Mumsnet has not checked the qualifications of anyone posting here. If you need help urgently or expert advice, please see our domestic violence webguide and/or relationships webguide. Many Mumsnetters experiencing domestic abuse have found this thread helpful: Listen up, everybody

Trial separation - his choice and I'm devastated

17 replies

LRNMDB · 26/04/2018 10:59

Hi. I'm new on here but need somewhere to turn to.

Me and my husband have been together for 13 years, married for 7 and have two beautiful boys who are 3 and 6.

Around 6 weeks ago he told me he isn't happy and wasn't sure if he wanted to stay or leave. I went to my family that weekend and following that we said we would work on it. We went to 2 marriage counselling sessions and were doing ok but then it all took a turn.

I found out he'd kissed someone else on a night out and after that he just shut off and said he wants to leave. I genuinely believe that's all it was and can get over it because that isn't who he is. But that seems to have changed his willingness to work. Since then he was staying at friends houses. One night he came home and I thought he had a change of heart but last Friday he told me he wants to separate.
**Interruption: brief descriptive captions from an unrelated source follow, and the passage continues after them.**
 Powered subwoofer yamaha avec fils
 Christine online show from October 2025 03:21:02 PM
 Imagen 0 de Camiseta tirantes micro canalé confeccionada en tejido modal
He's moved in with a family friend and everything is so formal from him now. I'm willing to give him his space but I don't know how to deal with it.

I suffer from anxiety and depression. I tried to find a new way of dealing with it this year but couldn't and have gone back on medication. I'm waiting fur CBT too. He said he's been unhappy for a long time and has tried - but he's never spoken to me or given me a chance to try. He's all I've known from being 18 and my life is built with him. We bought a house in the countryside 2 years ago and have totally renovated it, yes at home things have been monotonous but we do lots of fun things together.

I don't know if he's battling his own demons or just wants out. He's put 3 months on this separation but I don't know how to get through. We have a dream holiday booked in August and I don't know if we'll be going as a family. He put the kids to bed and left last night and I had to deal with my little one sobbing that daddy was gone and my eldest asking questions. It's their birthday party on Sunday and I don't know how to get through it.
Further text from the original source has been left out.